Records from a collection:
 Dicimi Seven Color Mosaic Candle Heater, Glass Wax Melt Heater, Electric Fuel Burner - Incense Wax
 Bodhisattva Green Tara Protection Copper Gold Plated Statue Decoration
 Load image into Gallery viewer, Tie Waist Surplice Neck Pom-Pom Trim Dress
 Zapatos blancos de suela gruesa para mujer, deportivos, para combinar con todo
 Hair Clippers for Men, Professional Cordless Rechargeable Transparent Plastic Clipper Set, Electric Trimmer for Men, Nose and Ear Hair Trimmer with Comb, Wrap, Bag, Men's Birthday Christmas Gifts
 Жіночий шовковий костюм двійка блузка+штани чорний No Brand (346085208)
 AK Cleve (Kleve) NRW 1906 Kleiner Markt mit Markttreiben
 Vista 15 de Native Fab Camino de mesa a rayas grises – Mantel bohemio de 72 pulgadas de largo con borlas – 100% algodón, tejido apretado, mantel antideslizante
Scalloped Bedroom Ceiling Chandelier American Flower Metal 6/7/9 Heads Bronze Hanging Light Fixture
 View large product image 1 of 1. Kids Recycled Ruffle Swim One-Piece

DESCRIPTION OF THE TASK: Note each line of the entries that has "Electric" in it, and copy those lines.

EXERCISE ANSWER:
 Dicimi Seven Color Mosaic Candle Heater, Glass Wax Melt Heater, Electric Fuel Burner - Incense Wax
 Hair Clippers for Men, Professional Cordless Rechargeable Transparent Plastic Clipper Set, Electric Trimmer for Men, Nose and Ear Hair Trimmer with Comb, Wrap, Bag, Men's Birthday Christmas Gifts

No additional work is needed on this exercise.